Thursday, June 14, 2012


     Today was a weeding day.  Illijana and I got to spend time out in the garden weeding together...this is one of our favorite activities, working together in the garden.  We weeded a large perennial bed out back of our house, and took the weeds over to our perennial compost pile - the one pile we don't turn or do anything with.  Every few years we pull compost from its lower reaches and spread it on the garden beds.
     The other event of the day was the discovery of rabbit damage in the garden.  There has been a large rabbit hereabouts for several weeks, and I think that the damage done to brassica plants is due to this rabbit.  Time to get out our Scarecrow water sprayer to ward him/her off.
     Here is a photo of a portion of the weeded bed, and a photo of the compost pile with the new weeds on top.  Click each to enlarge.
weeded bed
compost pile

Wednesday, June 13, 2012

A day in the garden and a new roof

I did my usual practice in the garden today, starting with opening the greenhouses in the morning, watering seedlings and plants, picking 13 different fixings for a salad, washing and assembling the salad for lunch, then doing more watering in the afternoon.  Here is what it looked like:
The final salad
(click on the pictures to enlarge them)
The makings of a salad

Broccoli almost ready to pick
Quinoa experiment
1st zucchini
The quinoa growing experiment is going well with seedheads forming.  We also have our first zucchini, a light green type with a creamy texture called Cavili.
We spend alot of time here watching birds.  The Stellar Jays are particularly present at the moment.
Stellar Jay
Our house with new roof
Finally, we had a new roof put on the house last week.  This entailed taking off the solar panels before the roofers did their work, and the re-installing the panels.  I think it looks good. You can see the bottlebrush plant, the angelica plants, and the rust covered garlic in this photo.

Tuesday, June 5, 2012

Remay, covering peas and beans, parsley pesto

I noticed that several voracious stellar bluejays were hunting around where I had planted peas a few days ago.  Normally I cover the peas and beans I plant from seed with a covering like Remay fabric, but I had not done so yet.  Spotting the birds (who will eat the yummy seedlings) spurred me to get going.  So I covered the peas today, and checked on the beans I planted awhile back (and had covered).  Here is what it looked like.
Uncovered but already planted with peas
Covered with fabric

Bean seedlings under cover
One other pic I'd like to share shows a section of beans planted two weeks ago that have been covered with fabric.  It is so much better to have this kind of germination than to come out and find the bean seedlings decimated by birds.
      Finally, here is a picture of our parsley.
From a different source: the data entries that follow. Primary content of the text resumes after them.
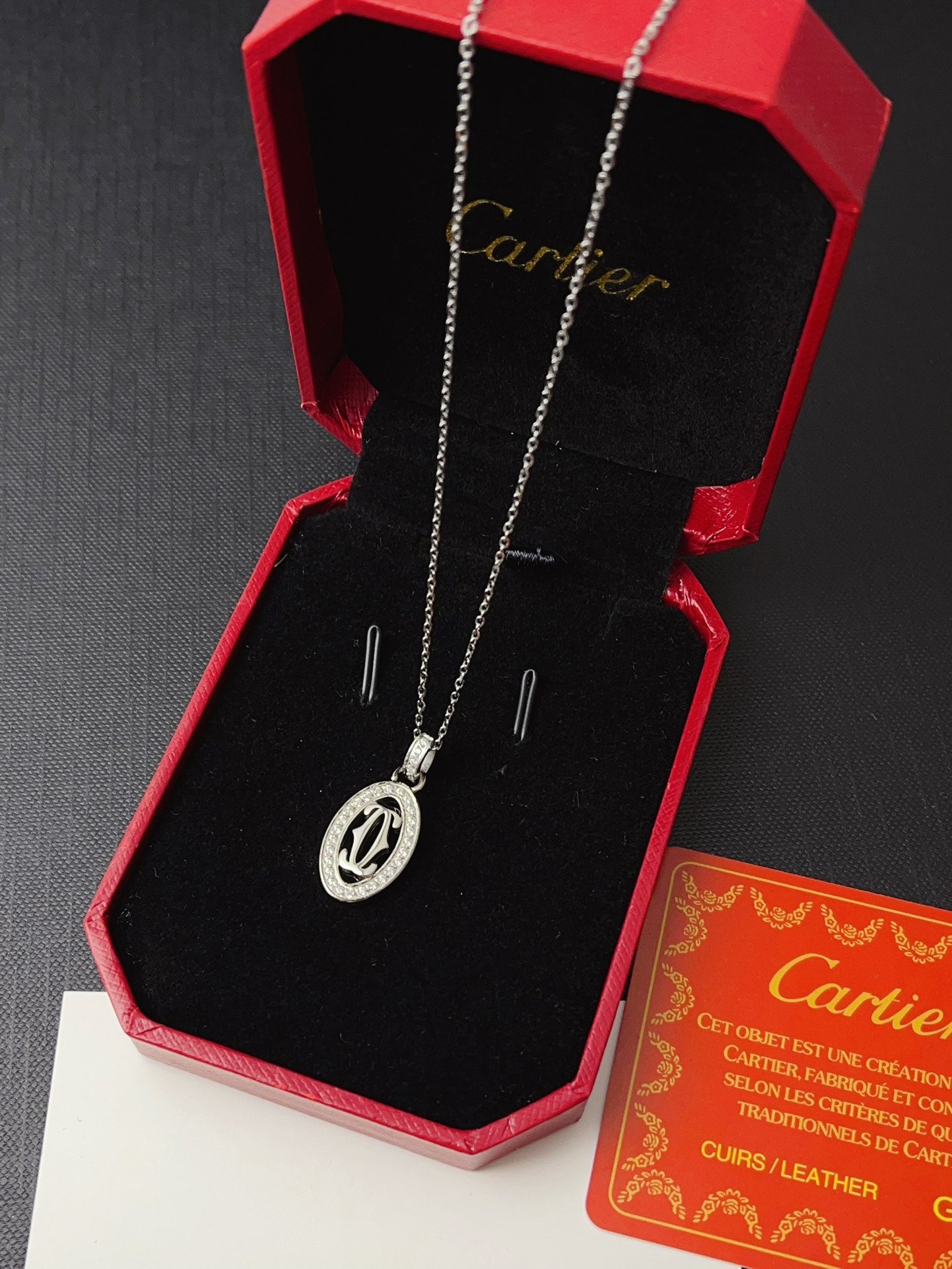 Diamond-encrusted hollow circle pendant necklace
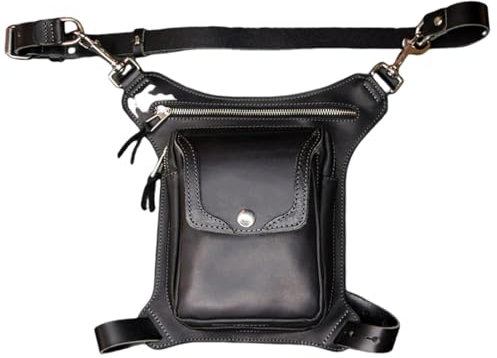 MDFCZXP Mittelalterliche Leder Drop Bein Tasche Steampunk Retro Snap Gürteltasche mit Mehreren Taschen Outdoor Sport Taille Tasche,Schwarz,20c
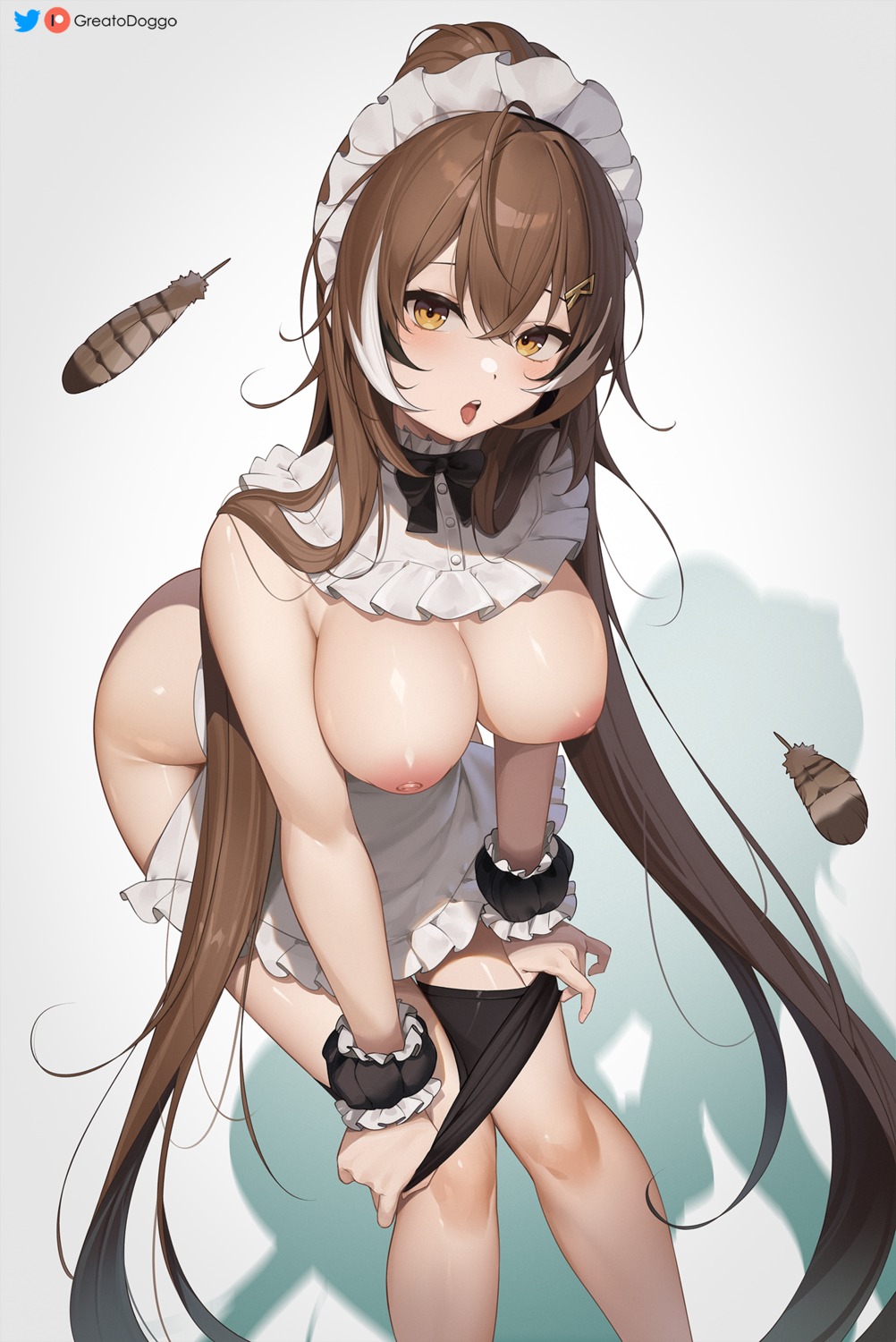 greatodoggo hololive hololive_english maid naked_apron nanashi_mumei nipples pantsu panty_pull undressing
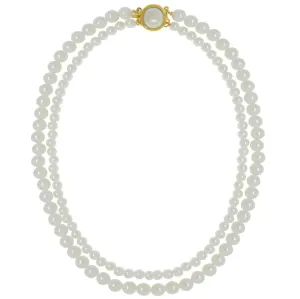 1928 Jewelry Double Faux 6mm Pearl Strand Necklace 16" 1928 Jewelry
 We have been letting it self-seed for a few years, and now have a bumper crop.  What to do with it?  Make parsley pesto!  I used a recipe created by Annie Somerville of Greens restaurant in San Francisco and found at  It uses parsley, olive oil, lemon juice, garlic, roasted pine nuts, and a touch of water in a blender to make a wonderful pesto sauce.  Here is a pic from the blender (before we used it as a salad dressing).
parsley pesto

Sunday, June 3, 2012

Sometimes it is just work

What a busy day in the garden and yard!  We have been wildly weeding some of the garden beds over the last week, dumping the weeds on the grass by the beds.  We haven't been keeping up with the lawnmowing until today.  In order to get the lawn mowed we needed to unload the compost tumblers of their loads of compost in order to use the grass clippings for more compost.
Yesterday, my wife Illijana weeded the artichoke bed.  I then unloaded the compost tumbler and put the compost on the bed.  I also put compost in the rose bed, around the roses by our rose gate, and around the Queen Cox standard apple tree.
As Illijana mowed the lawn I weed whacked the edges and then used the grass clippings mixed with redwood sawdust, coffee grounds from Starbucks, and a mix of secret herbs and spices (blood meal, bone meal, cottonseed meal, and chicken manure) to fill the compost tumbler.  It will probably be composting at above 140 F by tomorrow, and will be ready to use in 3 to 4 weeks.
The yard looks great now, and it is raining, so we got the lawn done just in time.
There are some plants that need to be planted out shortly.  Here is a pic of the plants in the greenhouse. Click to enlarge.
lettuce starts
The picture on the right is a close-up of the small leaved basil growing in the greenhouse.  It is almost time for pesto making!

Friday, June 1, 2012

Bearded Iris

We have been trying for some years to establish consistently producing bearded iris plants in our gardens. We have had some wonderful plants in most years but getting all the ones we have planted to bloom successfully has not happened until this year.  We are, of course, unsure of what we did or did not do to make this year such a good bloom time.  Here are a few of the iris.  A few of the pics emphasize the beards. Click to enlarge.